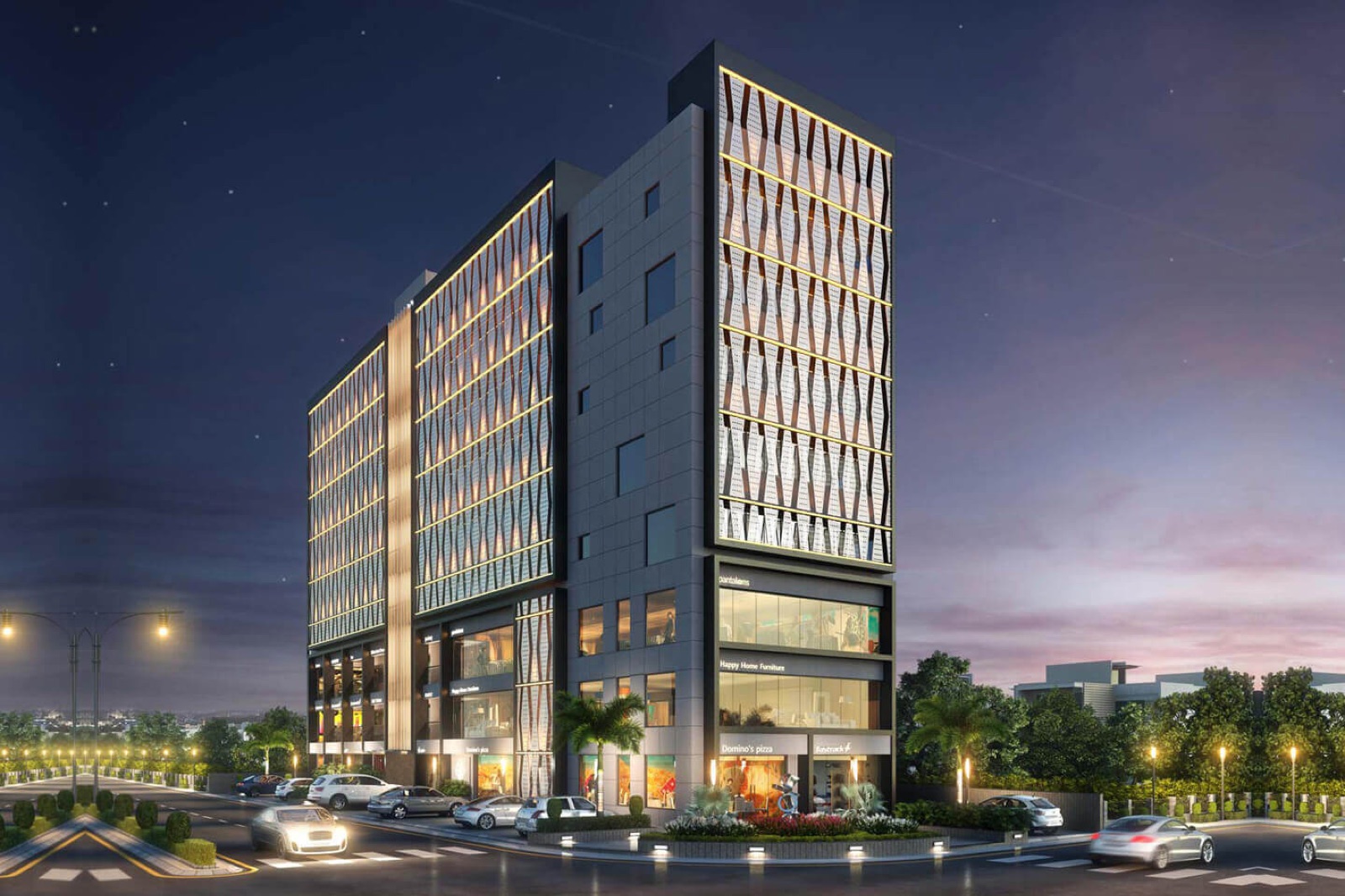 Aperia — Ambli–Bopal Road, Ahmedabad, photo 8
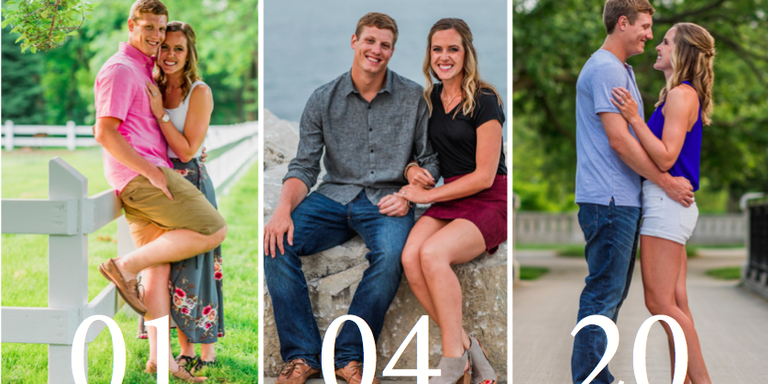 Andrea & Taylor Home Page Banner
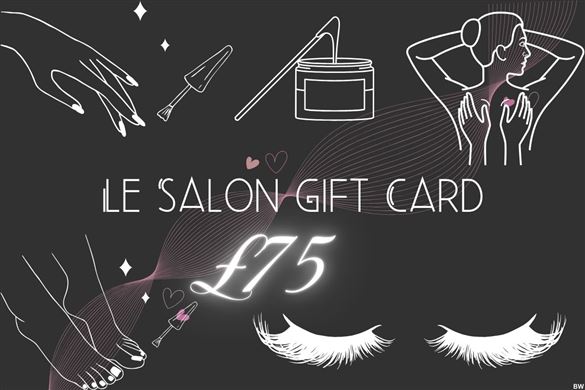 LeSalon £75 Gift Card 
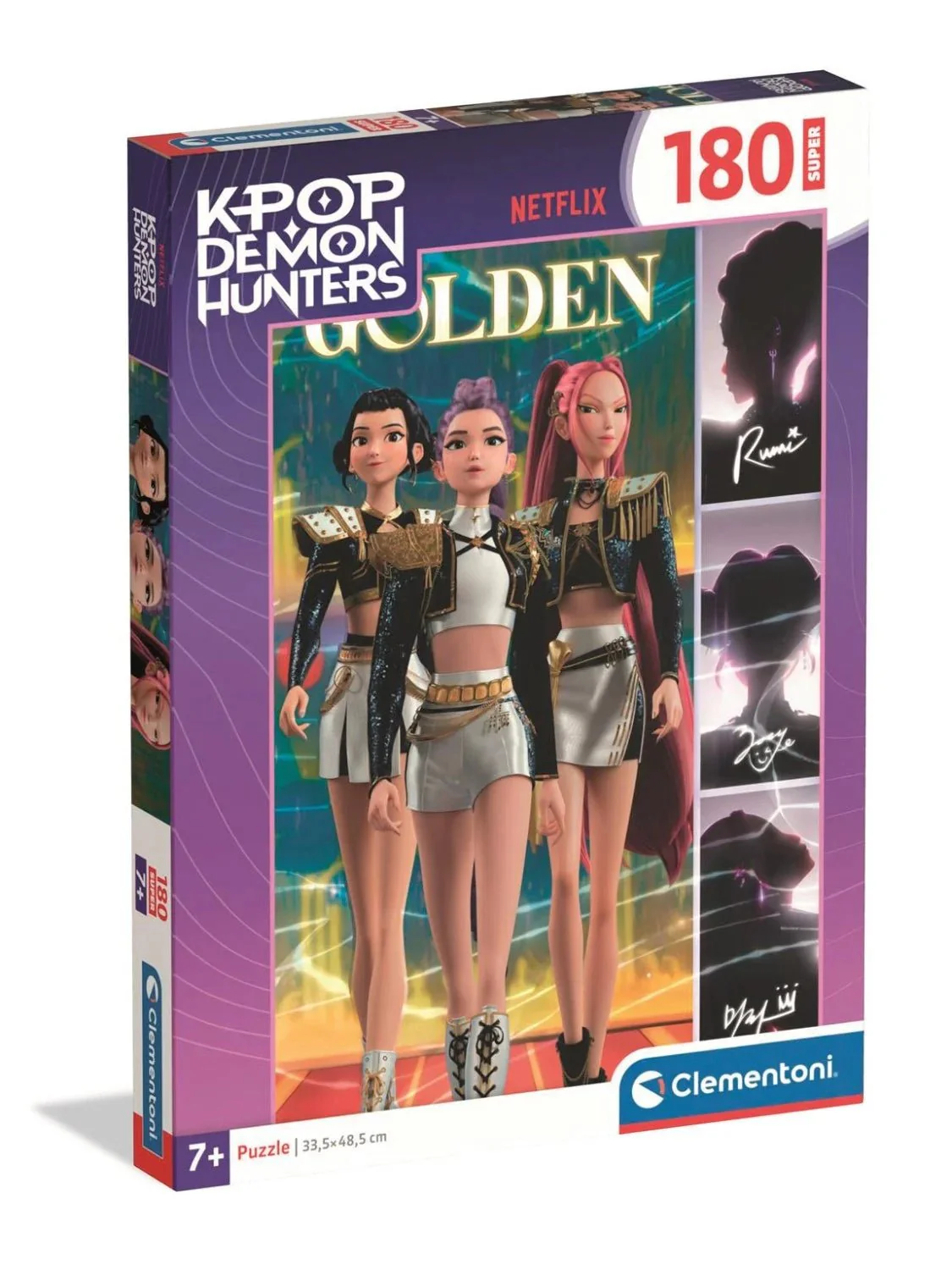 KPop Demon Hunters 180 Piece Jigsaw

---

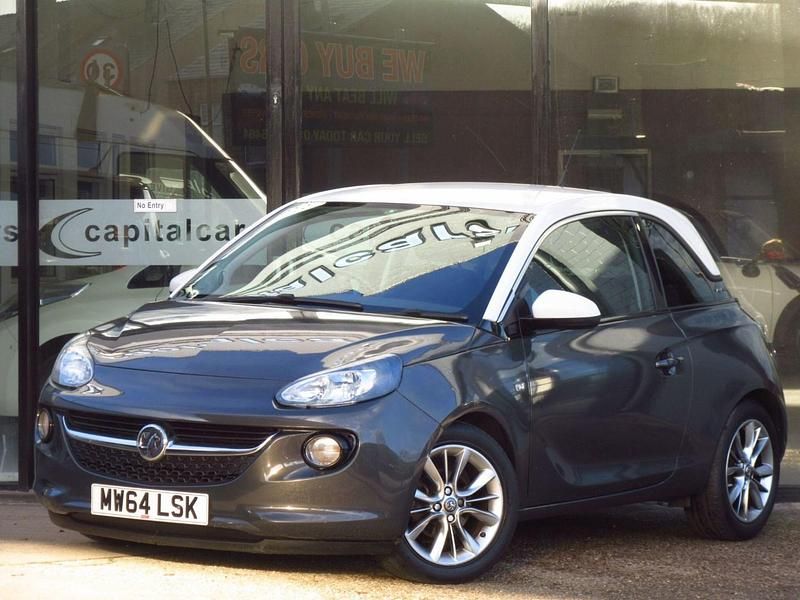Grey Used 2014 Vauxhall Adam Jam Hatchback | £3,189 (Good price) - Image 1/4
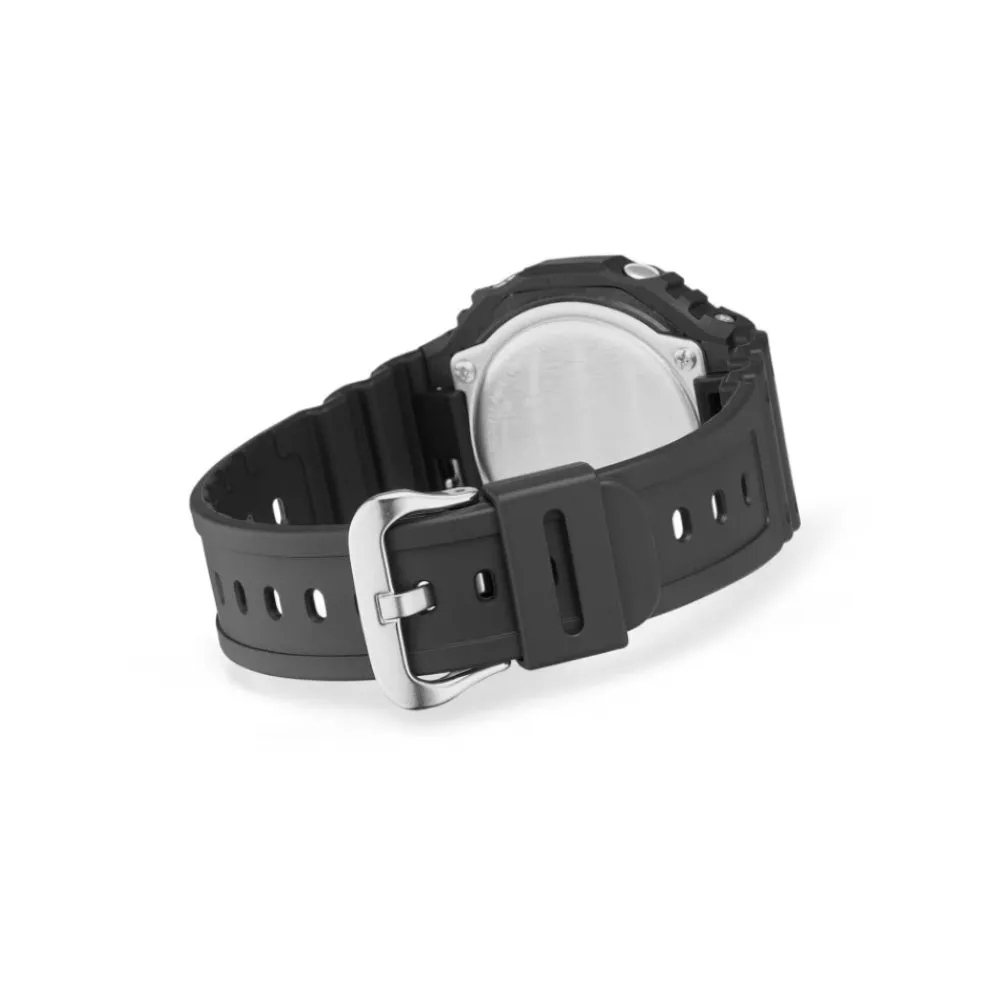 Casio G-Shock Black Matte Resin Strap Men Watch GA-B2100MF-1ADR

---

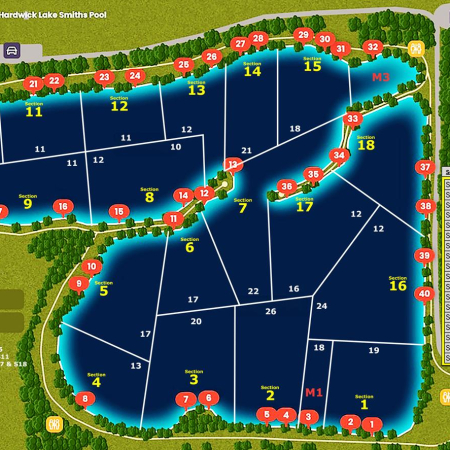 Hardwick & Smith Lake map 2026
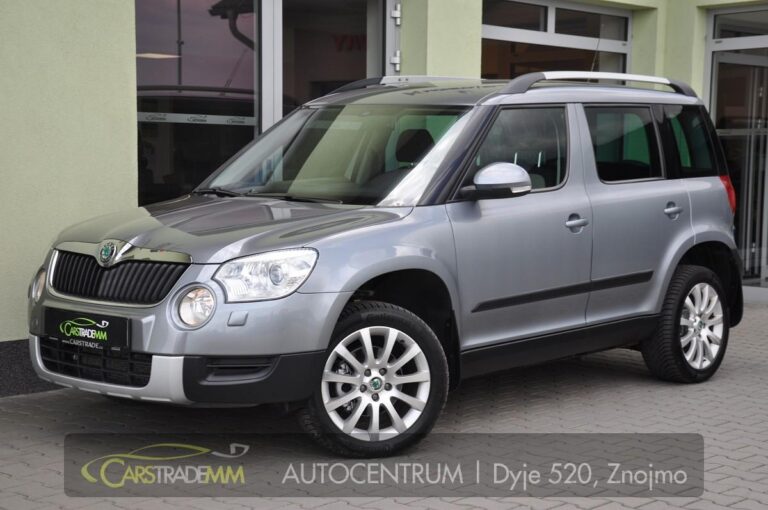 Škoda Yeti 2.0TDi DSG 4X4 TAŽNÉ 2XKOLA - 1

---

### WHAT TO PRODUCE
Go down the entries above from the line containing "Aperia — Ambli–Bopal" to the line containing "KPop Demon Hunters 180 Piece Jigsaw" and write out each line exactly, leaving pictures out.

### ANSWER SPACE
 Aperia — Ambli–Bopal Road, Ahmedabad, photo 8
 Andrea & Taylor Home Page Banner
 LeSalon £75 Gift Card 
 KPop Demon Hunters 180 Piece Jigsaw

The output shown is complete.